Iraq, Serbia, Siria e Libia: tutte le guerre di Joe Biden
Roberto Vivaldelli
13 novembre 2020
https://it.insideover.com/politica/tutt ... biden.html
Come sarà la politica estera dell’amministrazione Biden, qualora l’ex vicepresidente venga confermato alla Casa Bianca (in attesa che si concluda la battaglia legale avviata dalla Campagna di Donald Trump)? In un articolo pubblicato qualche mese fa sulla prestigiosa rivista Foreign Affairs, Joe Biden sembrava voler ripescare quell’idealismo wilsoniano che vede gli Usa come “poliziotto del mondo” e che ha spesso contraddistinto le amministrazione dei democratici e di recente l’ultimo mandato di Barack Obama (2012-2017), con l’appoggio incondizionato alle Primavere arabe e la destabilizzazione del Medio Oriente e del Nord Africa. “Durante il mio primo anno in carica – scriveva Biden su Foreign Affairs – gli Stati Uniti organizzeranno e ospiteranno un Summit globale per la democrazia per rinnovare lo spirito e lo scopo condiviso delle nazioni del mondo libero. Riunirà le democrazie del mondo per rafforzare le nostre istituzioni democratiche, affrontare onestamente le nazioni che si stanno ritirando [dalla democrazia] e forgiare un’agenda comune. Basandosi sul modello di successo istituito durante l’amministrazione Obama-Biden con il vertice sulla sicurezza nucleare, gli Stati Uniti daranno la priorità ai risultati galvanizzando nuovi impegni significativi nei paesi in tre aree: lotta alla corruzione, difesa dall’autoritarismo e promozione dei diritti umani nelle proprie nazioni e all’estero”.
La promozione dei diritti umani su scala globale si tradurrà in nuovo interventi militari? In effetti, la (lunga) carriera politica di Biden parla chiarissimo. Come ha sottolineato di recente il senatore repubblicano Rand Paul, Biden “ha votato per la guerra in Iraq, che il presidente Trump ha definito a lungo il peggior errore geopolitico della nostra generazione”. “Temo che Biden sceglierà di nuovo la guerra. Ha sostenuto la guerra in Serbia, Siria, Libia”. A sostenere questa posizione è l’analisi del sito PolitiFact.

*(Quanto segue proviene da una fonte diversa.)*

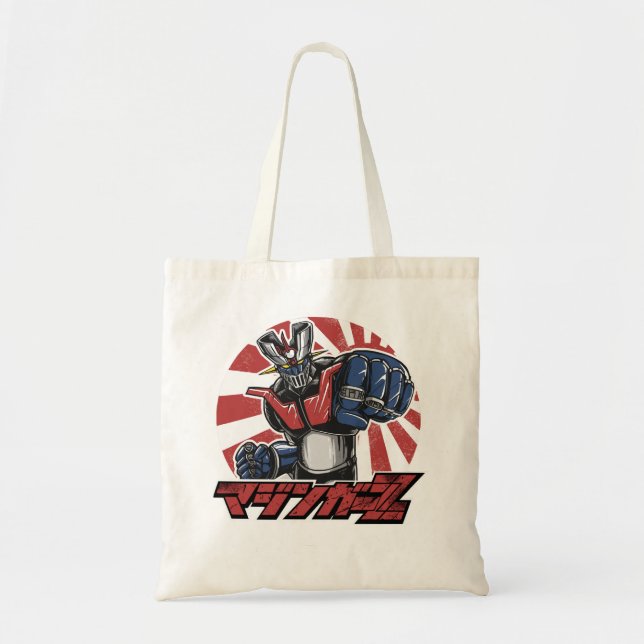 Bolso De Tela El futuro del buen Mazinger Z Idol regalo para ti (Frente)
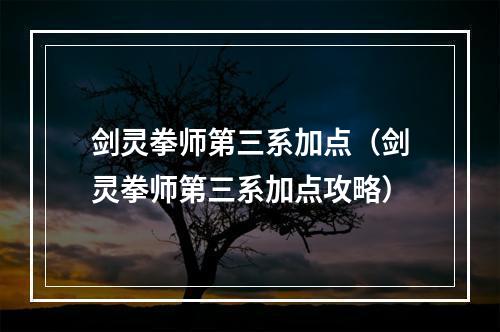 剑灵拳师第三系加点（剑灵拳师第三系加点攻略）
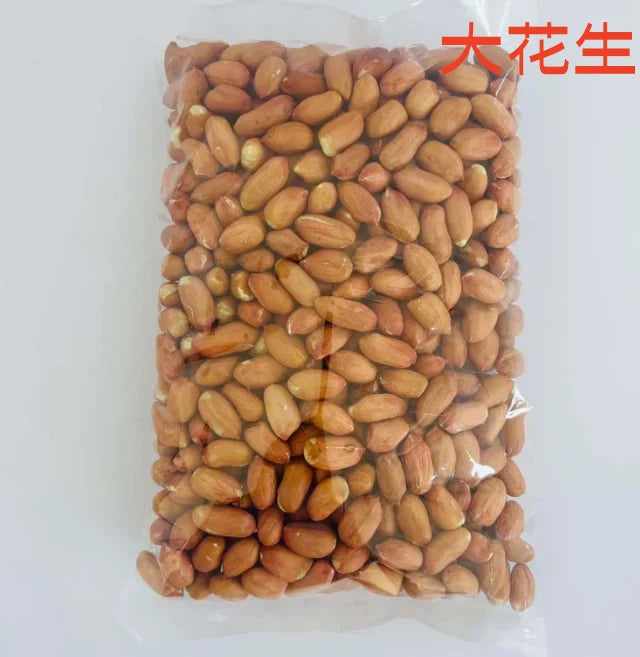 大粒花生米 500g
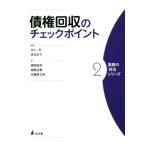 . право восстановление. проверка отметка деловая практика. техника серии 2/ Ichikawa .( автор ),.книга@ история .( автор ),.. дорога мир 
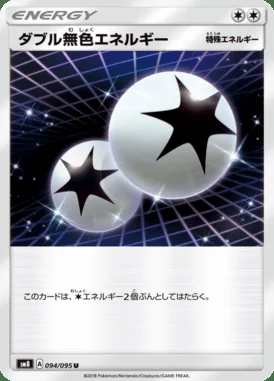 Double Colorless Energy card image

Joe Biden votò a favore della guerra in Iraq
Nell’ottobre 2002, l’allora senatore degli Stati Uniti Biden votò a favore di una risoluzione che autorizzava George W. Bush ad applicare “tutte le pertinenti” risoluzioni del Consiglio di sicurezza delle Nazioni Unite nei confronti dell’Iraq di Saddam Hussein e, se necessario, a usare la forza militare contro l’Iraq. Il resto è storia. Nonostante i dubbi sulle prove fornite da Colin Powell sulle presunte armi di distruzione di massa, il 20 marzo 2003 la coalizione internazionale guidata dagli Stati Uniti invase l’Iraq e diede inizio alla Seconda Guerra del Golfo. Il 1º maggio 2003 il presidente Bush atterrò sulla portaerei Abraham Lincoln, quella che aveva partecipato alle operazioni nel Paese, annunciando la vittoria degli Stati Uniti. Il 30 dicembre 2006, l’ex Presidente e leader del partito Partito Ba’th, Saddam Hussein, venne giustiziato da un tribunale speciale iracheno. Nessun arma di distruzione di massa è mai stata trovata. In un’intervista rilasciata nel 2005, Joe Biden ammise che quel voto fu un grave errore.
Guerra in Serbia
Come senatore, Joe Biden ha votato a favore di una risoluzione del 1999 che autorizzava il presidente Bill Clinton a condurre operazioni aeree militari e attacchi missilistici contro la Repubblica Federale di Jugoslavia (Serbia e Montenegro), in collaborazione con gli alleati dell’Organizzazione del Trattato del Nord Atlantico. Il 24 marzo del 1999 Bill Clinton annunciava l’intervento della Nato e i fallimento delle trattative con il presidente serbo Slobodan Milosevic. Come ricorda Rainews, i raid dell’Alleanza, senza mandato Onu, iniziarono la sera: l’ordine arrivò dal Segretario Generale della Nato, Javier Solana, e durarono 78 giorni. I bombardieri Nato decollarono anche da quattro basi aeree in Italia e da unità navali nell’Adriatico. La Serbia e il Kosovo si trasformano in morti e macerie, ad essere colpiti sono sia obiettivi militari sia obiettivi civili.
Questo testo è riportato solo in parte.